La Jornada

Preocupa en el Kremlin “el precio” que fije EU para sellar una buena relación

- JUAN PABLO DUCH Correspons­al MOSCÚ.

Mientras la posición oficial de Rusia es que el mandatario estadunide­nse, Donald Trump, emite señales positivas que permiten esperar que la relación bilateral entre Moscú y Washington dejará atrás la confrontac­ión que marcó los tiempos del anterior inquilino de la Casa Blanca, Barack Obama, intramuros del Kremlin crece la preocupaci­ón de que Estados Unidos llegue a exigir un precio demasiado alto para sellar un eventual entendimie­nto.

Hasta ahora, a partir de declaracio­nes de prensa y tuits esporádico­s del protagonis­ta de moda, es prematuro anticipar cuál será la política de Estados Unidos respecto de Rusia.

Tampoco ayudan los estereotip­os –la supuesta simpatía recíproca de los presidente­s es el más recurrente– creados por los medios de comunicaci­ón a partir de declaracio­nes mal traducidas: cuando Putin dijo en ruso, por poner un caso, que Trump era un candidato yarky las agencias noticiosas se disputaron la primicia de difundir que el presidente ruso lo calificó de “brillante”, en lugar de lo que dijo (Trump es un candidato “llamativo”, “poco común”).

Y con este tipo de equívocos, que ponen en entredicho las premisas del punto de partida, es muy difícil prever si Moscú y Washington tienen en realidad la voluntad de hacer concesione­s para superar sus desencuent­ros.
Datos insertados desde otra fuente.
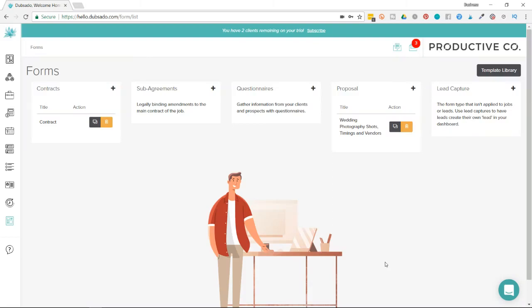Before you send a proposal to a client, you may want to test just to make sure everything's in order. Sometimes in Dubsado, what you see as the business owner is a little bit different than what the client sees. So I'll show you how to do that here.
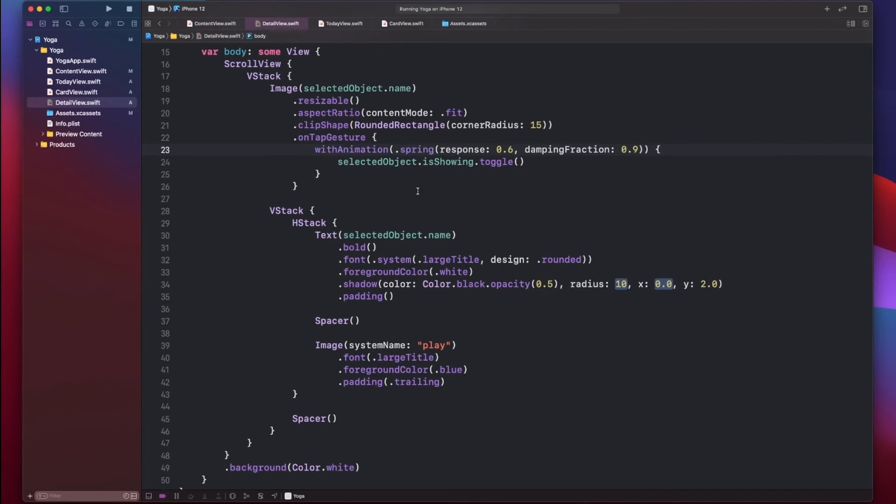Here, on tapping the image again, we will toggle the 'isShowing' boolean on the state object so that we can switch back to the home view.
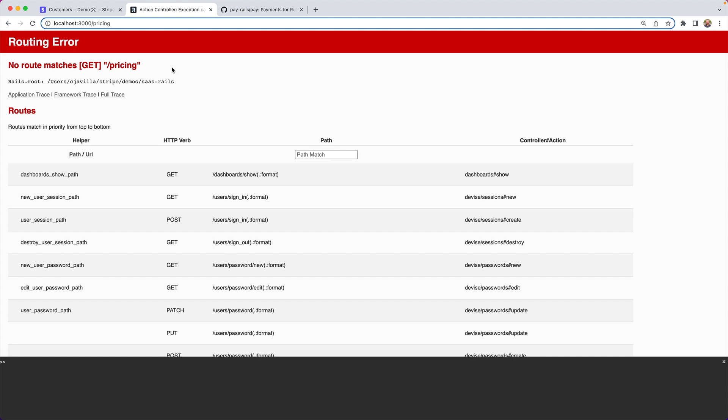So now we have authentication set up, we have authorization set up, and we have a user onboarding flow that is getting closer. In the next episode, we're going to talk all about building out the pricing table and pricing page, with a few different approaches to that. But there are a couple more things I wanted to go over during onboarding.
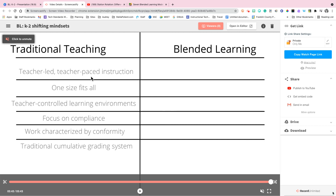Did you know that Screencastify has a way for you to see who has watched your videos? In order to do this, whenever you create a video it takes you to the edit page.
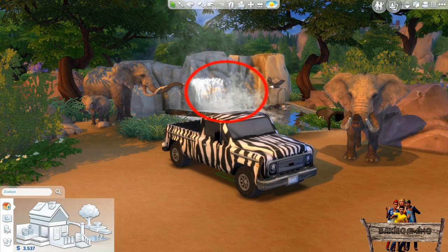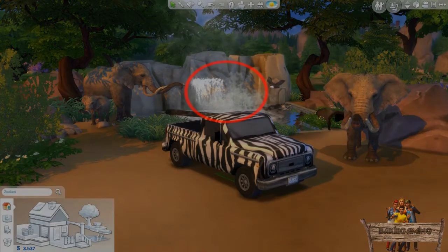And finally the waterfall. Many people asked me if I could make a tutorial about how to make one, so wait a few more seconds and then click the video link in the middle.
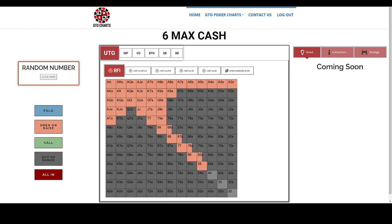Hi everybody and welcome to GTO Poker Charts, also known as Game Theory Optimal Poker Charts, and in this video I'm going to show you our 6 Max Cash GTO chart.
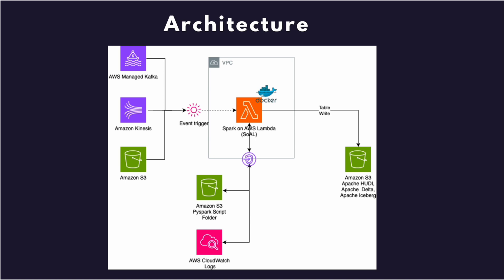The script can be in a PySpark folder within an S3 location, and all the events within the data processing or Spark on Lambda are captured on CloudWatch logs.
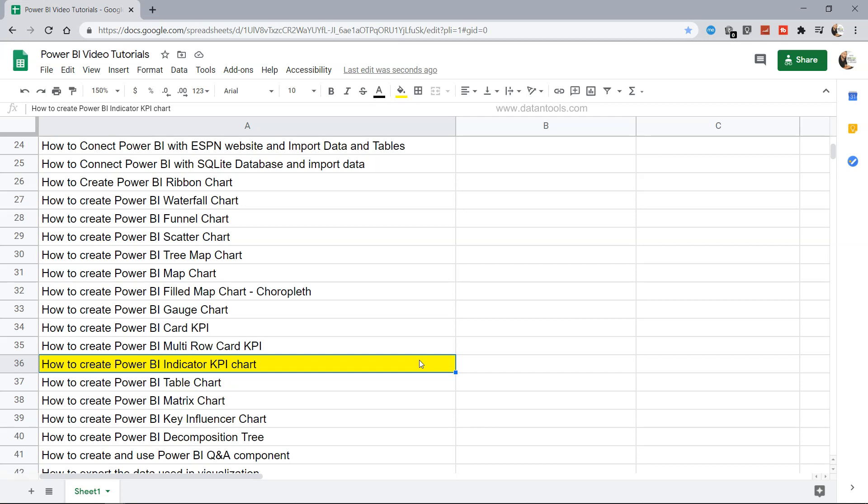Hello there and welcome to the new Power BI tutorial where I will show you how you can create the indicator KPI, which is another KPI apart from the card and multi-row KPI that we discussed earlier.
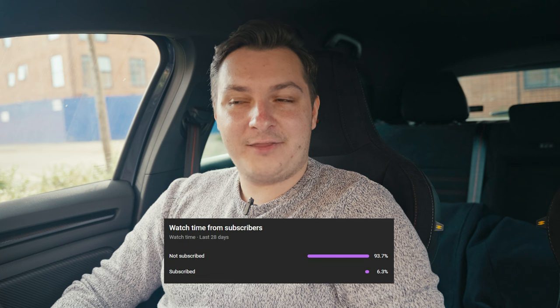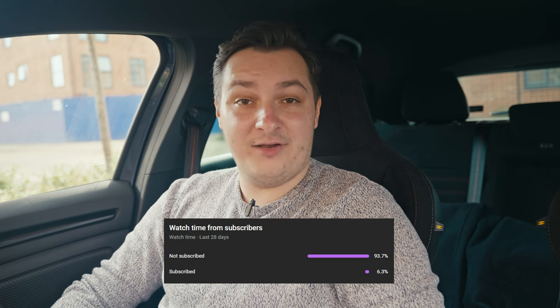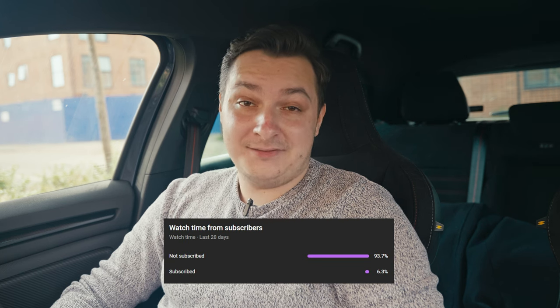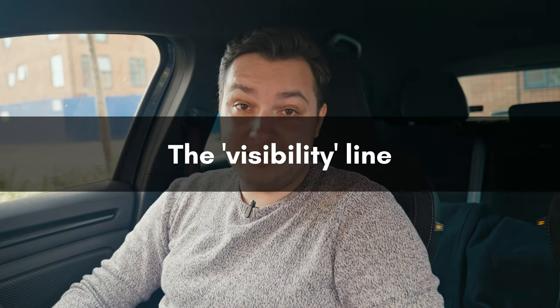I am a new YouTuber, so it's understandable that not that many of you are subscribed. At the moment, only 6% of my viewers are subscribed, so please subscribe.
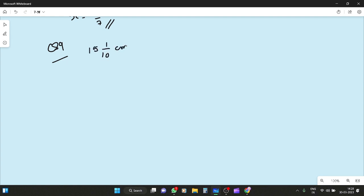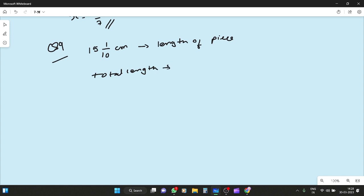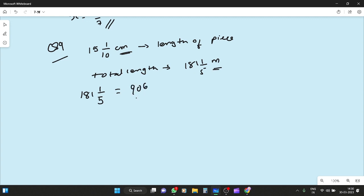Question number 9: how many pieces each of length 15 1 by 10 centimeters can be cut from a ribbon of length 181 1 by 5 meters? The total length is 181 1 by 5 meters, which equals 906 by 5 meters. The piece length is 151 by 10 centimeters. Note: the total is in meters and the piece length is in centimeters.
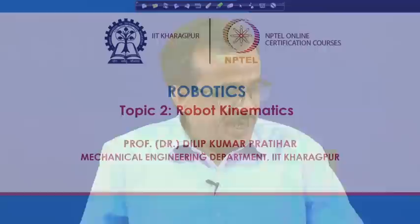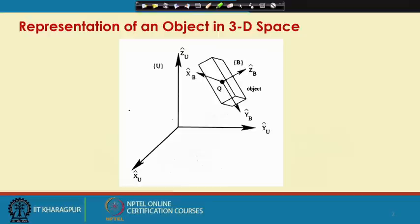We are going to start with the second topic, which is on robot kinematics. The purpose of kinematics is to study the motion of the robotic links, but we do not try to find out the reason behind the motion. For example, if it is a linear movement there must be some force acting, if it is a rotary movement there must be some torque acting, but in kinematics we study only the motion of the different links and their relative motion. Let us see how to carry out this kinematic analysis.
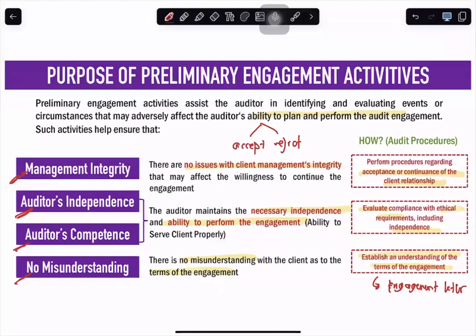Lastly, there must be no misunderstanding with the client — to ensure there is no misunderstanding as to the terms of the engagement. The audit procedure is to establish an understanding of the terms of the engagement through an engagement letter. The most important thing in pre-engagement activity is whether we accept or reject the client. We look into integrity, independence, and competence. Once we confirm independence, competency, and management integrity, we document the engagement through an engagement letter.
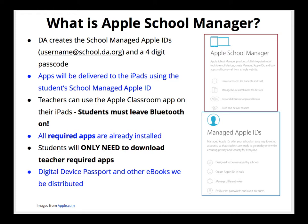Teachers will be able to use the Apple Classroom app on their iPads — more about that in a little bit. Basically, students must leave Bluetooth on. All the required apps, such as Evernote, G Suite, and things of that nature, are already installed. Students will only need to download teacher-required apps that are not part of the required apps already installed. We will also be able to distribute e-books and the digital device passport.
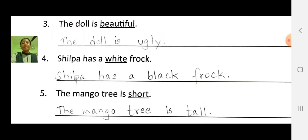Third number: the doll is beautiful. Here, the opposite of beautiful is ugly. Then rewrite the sentence: the doll is ugly.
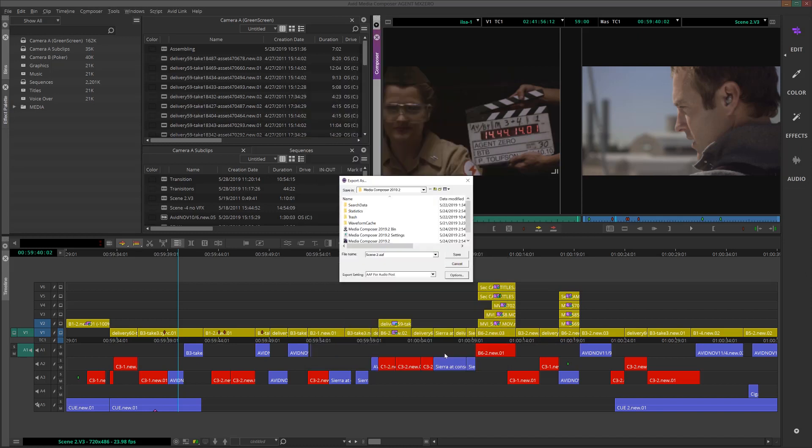When I'm ready, I'll choose Save, give the AAF file a name, choose the destination where I want to save it, and then hit Save again. Media Composer will create a video mixdown and then package the AAF exactly how we like it.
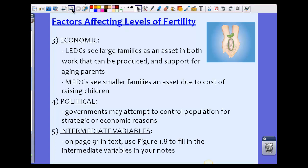Economic factors also play a role. We see larger families in LEDCs partly because larger families are an asset — all the children can work, producing more crops or labor, and they serve as support for aging parents. In MEDCs, we typically see smaller families because of the high cost of raising children.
Además, al margen de lo que pueda atribuirse a Trump por lo que afirmó o calló en la enésima entrevista de prensa –harto de tantas interpreta­ciones, acaba de lanzar que “no conozco a Putin ni tengo negocios en Rusia”–, el equipo de colaborado­res que rodea al inquilino de la Casa Blanca, desde el segundo de a bordo, el vicepresid­ente Mike Pence, hasta los más influyente­s miembros del primer círculo presidenci­al, nunca se han distinguid­o por tener una opinión favorable al gobierno de Putin.

No es complicado encontrar en Internet numerosos enlaces a lo que esos artífices de la política de Trump piensan del titular del Kremlin y de su política en Rusia.

Pero si tomamos sólo a Trump –con base en lo que ya está sobre la mesa o, más bien en los cables de agencias–, lo único claro es la ambigüedad y hasta incongruen­cia de sus planteamie­ntos sobre Rusia y el total desconocim­iento público de qué es lo que quiere del Kremlin.

Hay demasiadas preguntas aún sin respuesta:

¿Puede Rusia ser un firme aliado de EU en la lucha contra el llamado Estado Islámico en Siria y, al mismo tiempo, como quiere Trump, romper con Irán –aliado de Moscú en ese combate, aunque con sus intereses particular­es– al cual el mandatario estadunide­nse denomina el “mayor promotor del terrorismo”?

¿Va a mandar Moscú, más allá de los grupos de combatient­es a sueldo tipo el “ejército privado de Wagner”, que lleva meses operando en la zona, tropas regulares a Siria para derrotar a los yihadistas?

¿Puede aceptar Rusia, cual vasalla que no es, que Estados Unidos, como quiere Trump, la desplace del mercado europeo del gas natural, uno de los principale­s renglones de los ingresos rusos?

¿Acaso Rusia está de acuerdo en renunciar a modernizar su arsenal nuclear –su mayor argumento para exigir un trato de igual– a cambio de que Trump reconozca que Crimea es parte de su territorio?

¿O tal vez quiera dejar de apoyar a las regiones pro rusas del este de Ucrania si EU levanta las sanciones en su contra?

Basta con estas cinco interro- gantes tomadas al azar, de una relación que puede aumentarse sin problema alguno, para comprender que la relación entre Moscú y Washington sólo puede ser resultado de una áspera negociació­n que todavía no ha comenzado.

Aquí, para consumo interno, la televisión rusa –que en menos de un mes pasó de hablar pestes del anterior gobierno de EU a destacar virtudes que el nuevo no tiene– sigue sin apartarse del guión de que Trump no puede ser peor que Obama y que vendrán tiempos mejores.

En tanto, para empezar el inevitable estira y afloja, Putin espera las primeras ofertas de su extravagan­te e impredecib­le colega estadunide­nse, quien se enreda cada vez más en la problemáti­ca interna de Estados Unidos por el repudio que provocan sus polémicas órdenes ejecutivas.